Task material

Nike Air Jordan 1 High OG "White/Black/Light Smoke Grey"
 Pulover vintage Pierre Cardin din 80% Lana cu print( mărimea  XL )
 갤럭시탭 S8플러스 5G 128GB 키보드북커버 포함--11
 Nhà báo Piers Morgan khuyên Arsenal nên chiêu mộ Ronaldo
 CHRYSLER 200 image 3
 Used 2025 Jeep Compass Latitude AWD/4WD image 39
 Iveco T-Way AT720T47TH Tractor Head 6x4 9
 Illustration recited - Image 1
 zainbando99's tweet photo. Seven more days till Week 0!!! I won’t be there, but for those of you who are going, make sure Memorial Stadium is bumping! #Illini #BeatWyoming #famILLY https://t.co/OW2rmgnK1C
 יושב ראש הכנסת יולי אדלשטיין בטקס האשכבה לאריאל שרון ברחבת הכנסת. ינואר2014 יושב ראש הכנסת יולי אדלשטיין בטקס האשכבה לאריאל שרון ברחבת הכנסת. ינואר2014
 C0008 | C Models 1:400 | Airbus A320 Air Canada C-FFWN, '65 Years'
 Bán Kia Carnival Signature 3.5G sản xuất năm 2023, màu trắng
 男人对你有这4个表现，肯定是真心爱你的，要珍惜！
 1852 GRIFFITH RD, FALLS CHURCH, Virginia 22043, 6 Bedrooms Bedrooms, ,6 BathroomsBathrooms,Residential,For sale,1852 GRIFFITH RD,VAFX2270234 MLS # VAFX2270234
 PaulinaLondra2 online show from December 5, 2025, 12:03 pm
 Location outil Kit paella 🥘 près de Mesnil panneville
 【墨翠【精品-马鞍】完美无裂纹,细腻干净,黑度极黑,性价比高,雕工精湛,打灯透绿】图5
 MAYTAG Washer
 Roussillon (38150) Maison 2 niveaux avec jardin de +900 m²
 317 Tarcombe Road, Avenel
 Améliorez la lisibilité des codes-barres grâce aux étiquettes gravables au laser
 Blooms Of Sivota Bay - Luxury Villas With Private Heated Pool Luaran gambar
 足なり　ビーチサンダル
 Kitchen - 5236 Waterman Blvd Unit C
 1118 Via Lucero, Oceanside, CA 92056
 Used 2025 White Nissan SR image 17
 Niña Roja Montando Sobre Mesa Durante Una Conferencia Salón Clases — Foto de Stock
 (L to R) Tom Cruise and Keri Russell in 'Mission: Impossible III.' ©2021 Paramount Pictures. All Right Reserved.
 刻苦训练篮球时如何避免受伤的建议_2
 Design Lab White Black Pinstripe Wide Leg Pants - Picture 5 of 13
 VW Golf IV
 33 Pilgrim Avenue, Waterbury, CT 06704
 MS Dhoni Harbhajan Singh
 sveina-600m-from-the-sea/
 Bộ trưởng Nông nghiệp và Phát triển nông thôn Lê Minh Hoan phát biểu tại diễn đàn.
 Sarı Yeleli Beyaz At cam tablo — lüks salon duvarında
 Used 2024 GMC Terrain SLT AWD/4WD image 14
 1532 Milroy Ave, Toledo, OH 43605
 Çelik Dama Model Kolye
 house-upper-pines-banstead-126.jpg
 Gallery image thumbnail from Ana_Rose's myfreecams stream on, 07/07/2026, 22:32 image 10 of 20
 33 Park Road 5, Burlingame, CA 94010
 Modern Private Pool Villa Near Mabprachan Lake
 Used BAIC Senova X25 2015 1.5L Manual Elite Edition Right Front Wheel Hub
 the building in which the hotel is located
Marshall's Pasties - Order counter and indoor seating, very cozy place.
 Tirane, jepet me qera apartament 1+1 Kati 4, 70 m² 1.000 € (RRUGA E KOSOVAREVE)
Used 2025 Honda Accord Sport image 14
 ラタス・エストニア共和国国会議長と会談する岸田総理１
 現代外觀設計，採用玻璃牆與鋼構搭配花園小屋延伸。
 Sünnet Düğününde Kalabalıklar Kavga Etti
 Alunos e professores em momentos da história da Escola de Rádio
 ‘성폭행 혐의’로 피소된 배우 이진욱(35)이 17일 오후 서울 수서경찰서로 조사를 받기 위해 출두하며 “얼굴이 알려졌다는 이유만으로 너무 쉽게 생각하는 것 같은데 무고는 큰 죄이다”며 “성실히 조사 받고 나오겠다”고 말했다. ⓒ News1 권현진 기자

Aim of the exercise
When a line in the listing has the word "Right", return that line.

Reply
 (L to R) Tom Cruise and Keri Russell in 'Mission: Impossible III.' ©2021 Paramount Pictures. All Right Reserved.
 Used BAIC Senova X25 2015 1.5L Manual Elite Edition Right Front Wheel Hub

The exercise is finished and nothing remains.